# Problems?



## j-man the skater-man (Apr 4, 2005)

sup im jason i got a 29 gallon tank and have started cycling it with 2 guppies and a rosy red

1. My guppy(male) is hiding under the heater(its at 78) and not eating exsept what tidbits fall near him. whats wrong with him?

2. how would u suggest i stock my 29 gallon tank and do u think the inch per gallon rule is important?

3. if i want cory's do i HAVE to have sand? would gravel hurt them?

4> do u agree with the way i would stock my tank or will the fish i chose have problems with each other like fighting, heat, est.? (listed below)

4-guppy 1 male 3 female
2-tiger barbs 1 male 1 female (if i can tell wich is which)
3-cory cats 
5-zebra danio 
6-neon tetra

5. what live plants would u suggest for my tank? (easy to keep but cool)


----------



## Pac-Man (Mar 18, 2005)

to answer one of your questions, cory's can also be kept in gravel, not just sand.


----------



## Thunderkiss (Mar 19, 2005)

1) I'd suspect stress. Is the tank cycling? if so, cut back on the feedings to once every 2-3 days and do some water changes til the cycle is over.

2) Stocking is totally an individual decision which will change over time. The inch of fish rule is a general rule that can be bent under certain circumstances which you will come to know over time. Genereally its used for waste control, so with more water changes and adequate filtration it can be bent, but there are many variables.

3) Gravel will not hurt them.

4) 4-guppy 1 male 3 female ------ breed you out of house and home, so be prepared or just buy males, theyre the nicer looking ones anyway.

2-tiger barbs 1 male 1 female (if i can tell wich is which) ----- 5+ minimum to keep social order and diffuse aggression.

3-cory cats ----- 2-3 more, they school as well.
5-zebra danio --- no sweat
6-neon tetra ----- lots of schoolers, the tank may look jumbled, i'd specialize more in 1-2 types of schoolers.

Also tigers and danios can be nippy, if given a choice i'd dump one and load the other schools up.

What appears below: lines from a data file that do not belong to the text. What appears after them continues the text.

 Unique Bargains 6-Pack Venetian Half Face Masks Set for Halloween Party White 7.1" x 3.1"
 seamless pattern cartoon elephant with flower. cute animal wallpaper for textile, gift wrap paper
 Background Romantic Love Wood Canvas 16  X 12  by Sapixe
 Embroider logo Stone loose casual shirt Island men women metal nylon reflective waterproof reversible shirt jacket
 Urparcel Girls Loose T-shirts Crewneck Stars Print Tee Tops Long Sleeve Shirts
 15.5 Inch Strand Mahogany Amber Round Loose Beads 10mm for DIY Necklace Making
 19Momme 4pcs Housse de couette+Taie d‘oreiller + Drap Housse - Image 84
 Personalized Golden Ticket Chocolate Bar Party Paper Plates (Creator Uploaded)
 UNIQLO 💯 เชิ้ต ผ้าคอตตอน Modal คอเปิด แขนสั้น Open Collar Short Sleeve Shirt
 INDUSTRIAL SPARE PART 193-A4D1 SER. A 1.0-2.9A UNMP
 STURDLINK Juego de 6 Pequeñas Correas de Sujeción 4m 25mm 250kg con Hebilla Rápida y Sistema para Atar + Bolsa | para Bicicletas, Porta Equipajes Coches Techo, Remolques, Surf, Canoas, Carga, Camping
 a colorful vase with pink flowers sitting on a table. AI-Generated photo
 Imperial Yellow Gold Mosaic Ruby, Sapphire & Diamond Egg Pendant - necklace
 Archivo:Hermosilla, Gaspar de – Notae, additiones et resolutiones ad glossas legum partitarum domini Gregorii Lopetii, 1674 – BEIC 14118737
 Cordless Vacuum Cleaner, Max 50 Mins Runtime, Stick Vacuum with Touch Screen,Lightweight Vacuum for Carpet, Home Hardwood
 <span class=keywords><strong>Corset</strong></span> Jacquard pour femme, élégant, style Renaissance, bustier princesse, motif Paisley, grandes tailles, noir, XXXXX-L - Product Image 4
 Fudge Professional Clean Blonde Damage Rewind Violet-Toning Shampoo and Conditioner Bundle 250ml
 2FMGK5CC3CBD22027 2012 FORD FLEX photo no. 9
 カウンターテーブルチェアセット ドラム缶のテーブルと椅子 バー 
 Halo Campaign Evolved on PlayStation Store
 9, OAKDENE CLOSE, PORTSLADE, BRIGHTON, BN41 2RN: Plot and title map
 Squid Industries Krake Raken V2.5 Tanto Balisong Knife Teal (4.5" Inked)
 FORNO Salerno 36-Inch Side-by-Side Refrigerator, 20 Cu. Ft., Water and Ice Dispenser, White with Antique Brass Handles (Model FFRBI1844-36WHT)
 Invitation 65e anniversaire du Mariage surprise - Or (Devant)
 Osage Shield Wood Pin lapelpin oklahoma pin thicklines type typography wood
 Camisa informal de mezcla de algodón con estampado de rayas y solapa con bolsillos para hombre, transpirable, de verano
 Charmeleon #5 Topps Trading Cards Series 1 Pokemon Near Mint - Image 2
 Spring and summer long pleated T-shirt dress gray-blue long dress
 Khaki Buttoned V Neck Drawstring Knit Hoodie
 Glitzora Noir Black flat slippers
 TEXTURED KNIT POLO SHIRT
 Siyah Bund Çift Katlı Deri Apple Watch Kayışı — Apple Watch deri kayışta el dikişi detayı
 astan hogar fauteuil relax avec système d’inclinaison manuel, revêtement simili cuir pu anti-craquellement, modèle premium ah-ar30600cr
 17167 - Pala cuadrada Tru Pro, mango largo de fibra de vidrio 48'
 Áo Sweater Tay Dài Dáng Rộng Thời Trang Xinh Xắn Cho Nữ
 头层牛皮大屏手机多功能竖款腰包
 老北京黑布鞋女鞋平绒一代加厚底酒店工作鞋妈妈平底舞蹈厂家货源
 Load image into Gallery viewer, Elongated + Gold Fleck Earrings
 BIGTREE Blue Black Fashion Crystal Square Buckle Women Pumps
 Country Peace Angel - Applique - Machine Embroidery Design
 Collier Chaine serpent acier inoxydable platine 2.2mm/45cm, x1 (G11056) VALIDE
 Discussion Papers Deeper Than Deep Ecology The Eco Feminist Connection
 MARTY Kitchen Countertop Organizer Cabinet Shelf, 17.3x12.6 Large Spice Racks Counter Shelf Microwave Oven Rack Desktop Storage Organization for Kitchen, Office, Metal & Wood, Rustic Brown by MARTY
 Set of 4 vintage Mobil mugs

Those suggestions rith there will make you re-evaluate your stocking plans as you will most ptobably go over that inch/gallon rule. I didn't stop to do the math, but the tigers alone go 3ish inches and a school of just 5=15 inches, well over half your capacity.

5) plants .... go plastic at first til you get the feel of the tank. Plants are a whole different ballgame, and plants dying in your tank will foul the water just as easily as a dead fish. Not that you shouldn't EVER, just get your feet wet with the fish first as it were, worry about live plants later. It will be much better for your sanity


----------



## UgLy_eLf (Feb 26, 2005)

1. Probably stressed out, how long has he been in the tank? I've had fish hide when I first added them for up to a week, then they slowly come out and start scoping the tank out.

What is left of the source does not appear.